→ **Dataset entries**:
[Start of section]

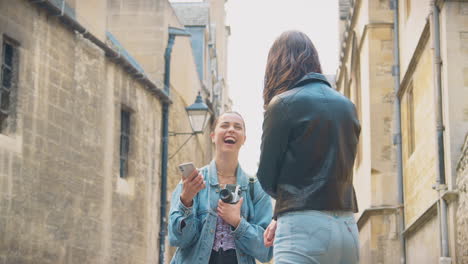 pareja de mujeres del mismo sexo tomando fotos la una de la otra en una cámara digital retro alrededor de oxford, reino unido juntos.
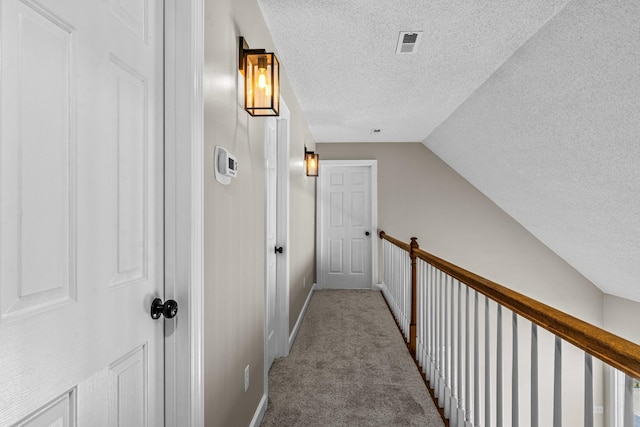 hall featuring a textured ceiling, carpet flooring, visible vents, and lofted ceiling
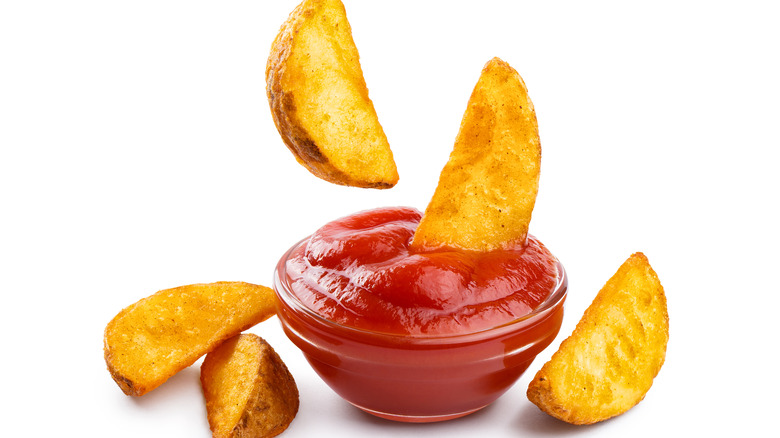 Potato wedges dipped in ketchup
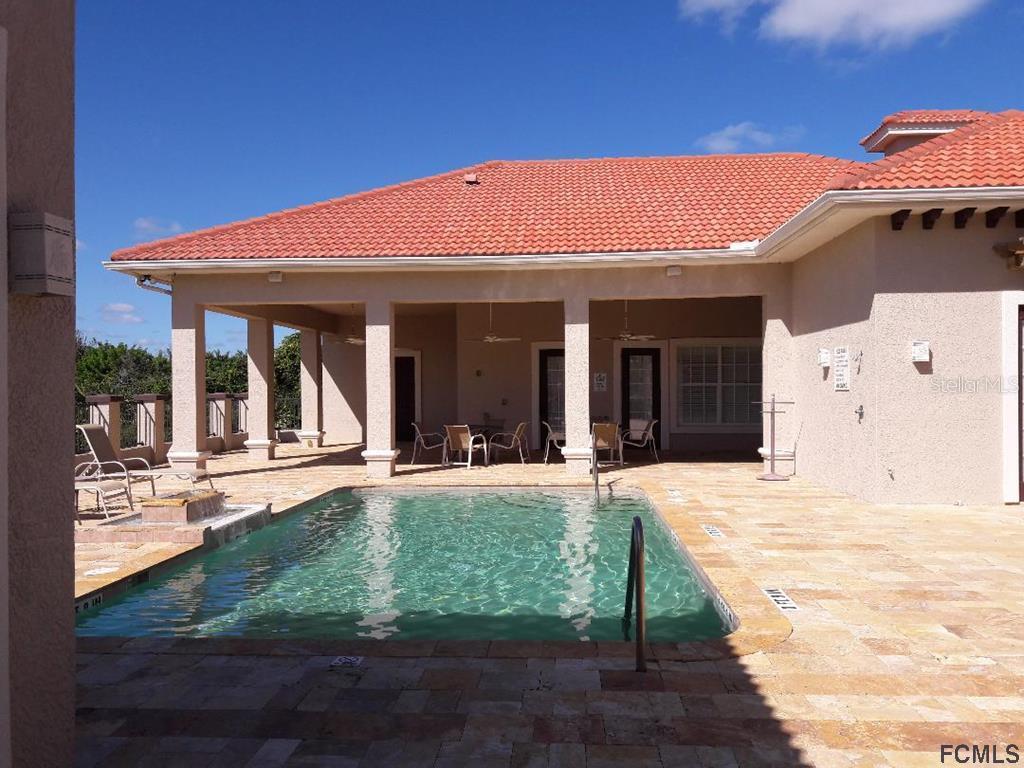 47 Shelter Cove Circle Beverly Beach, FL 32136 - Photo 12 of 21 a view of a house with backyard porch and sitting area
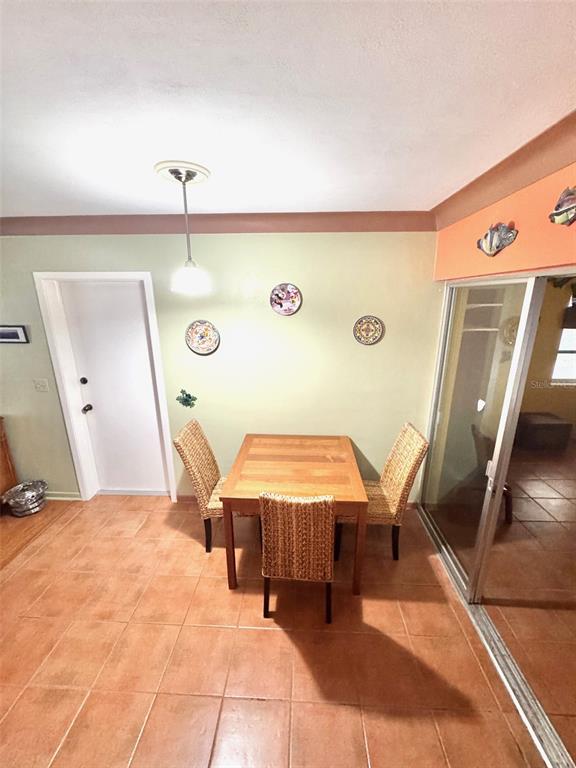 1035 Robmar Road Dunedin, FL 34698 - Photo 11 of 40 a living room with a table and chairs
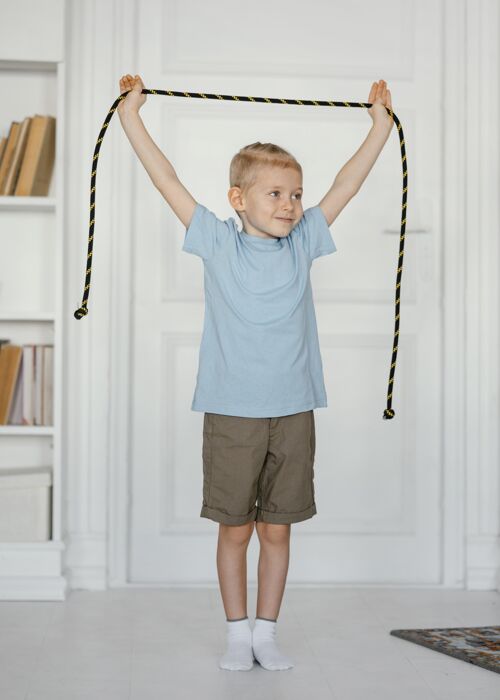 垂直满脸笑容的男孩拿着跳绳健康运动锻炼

[End of section]
[Start of section]

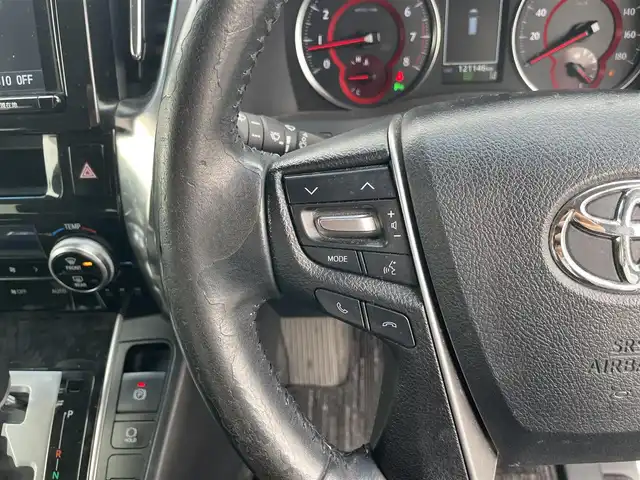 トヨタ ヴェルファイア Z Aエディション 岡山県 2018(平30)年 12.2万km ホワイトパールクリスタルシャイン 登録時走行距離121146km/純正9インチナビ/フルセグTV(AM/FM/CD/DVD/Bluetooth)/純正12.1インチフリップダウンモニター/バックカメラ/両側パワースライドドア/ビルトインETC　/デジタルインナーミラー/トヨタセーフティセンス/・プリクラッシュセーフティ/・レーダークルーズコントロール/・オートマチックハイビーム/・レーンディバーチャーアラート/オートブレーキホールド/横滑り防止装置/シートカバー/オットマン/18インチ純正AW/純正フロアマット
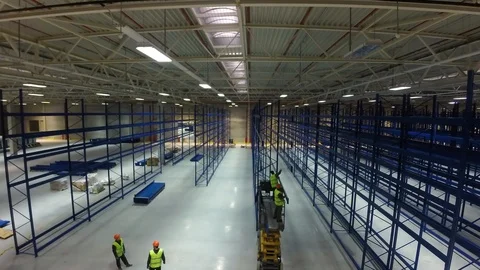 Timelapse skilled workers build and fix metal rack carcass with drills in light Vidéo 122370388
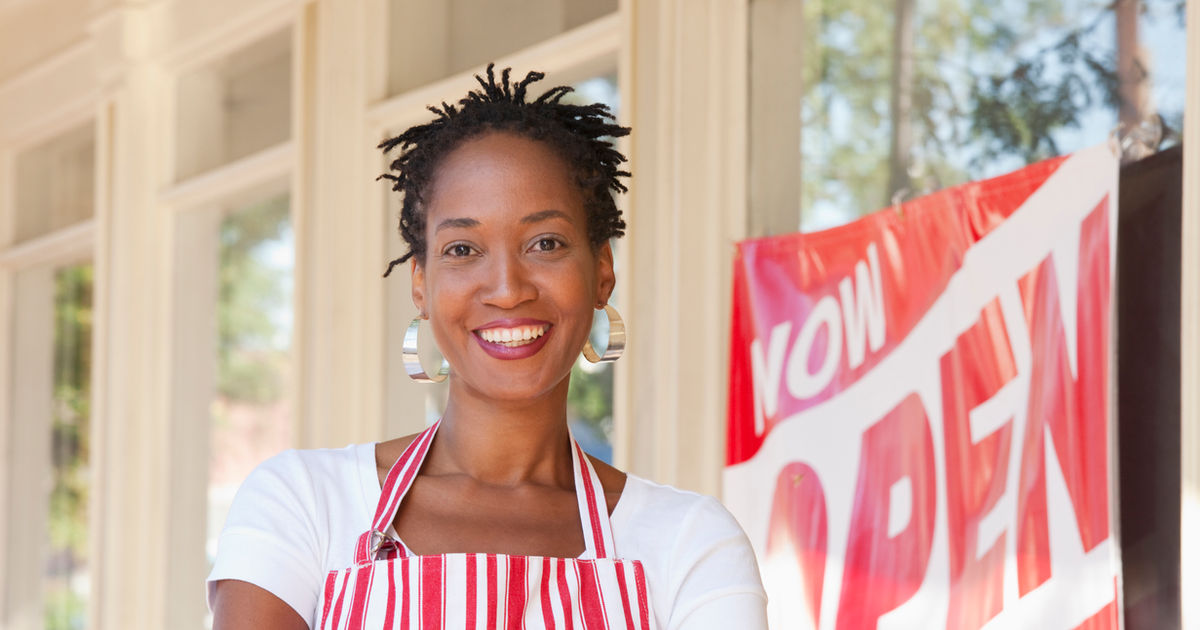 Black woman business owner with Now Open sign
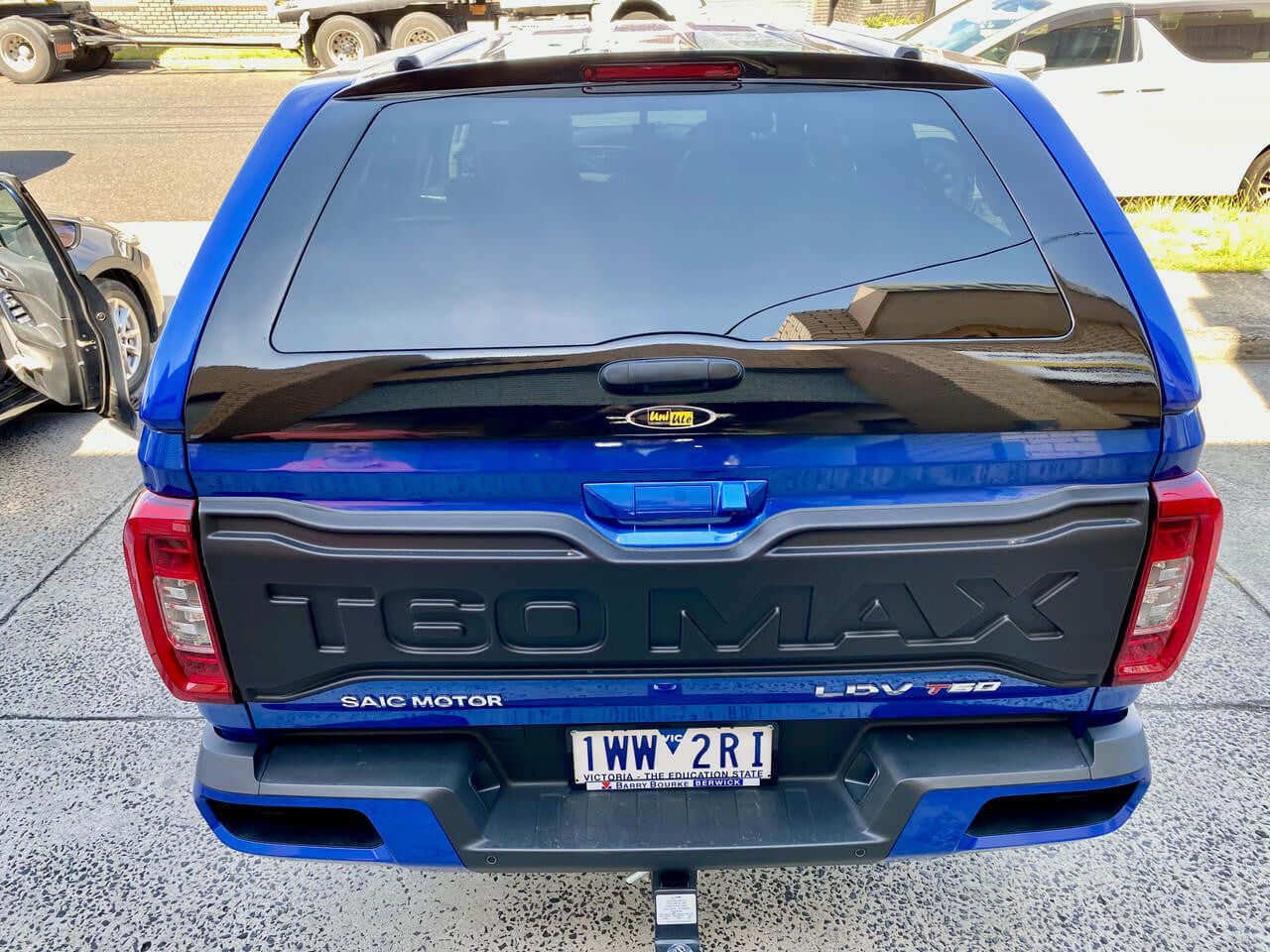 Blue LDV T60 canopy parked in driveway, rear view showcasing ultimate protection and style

[End of section]

→ **Assigned task**: Above are some records; extract exactly the lines from the one containing "47 Shelter Cove" through the one containing "垂直满脸笑容的男孩拿着跳绳健康运动锻炼" and drop the pictures.

→ **Result of the exercise**:
 47 Shelter Cove Circle Beverly Beach, FL 32136 - Photo 12 of 21 a view of a house with backyard porch and sitting area
 1035 Robmar Road Dunedin, FL 34698 - Photo 11 of 40 a living room with a table and chairs
 垂直满脸笑容的男孩拿着跳绳健康运动锻炼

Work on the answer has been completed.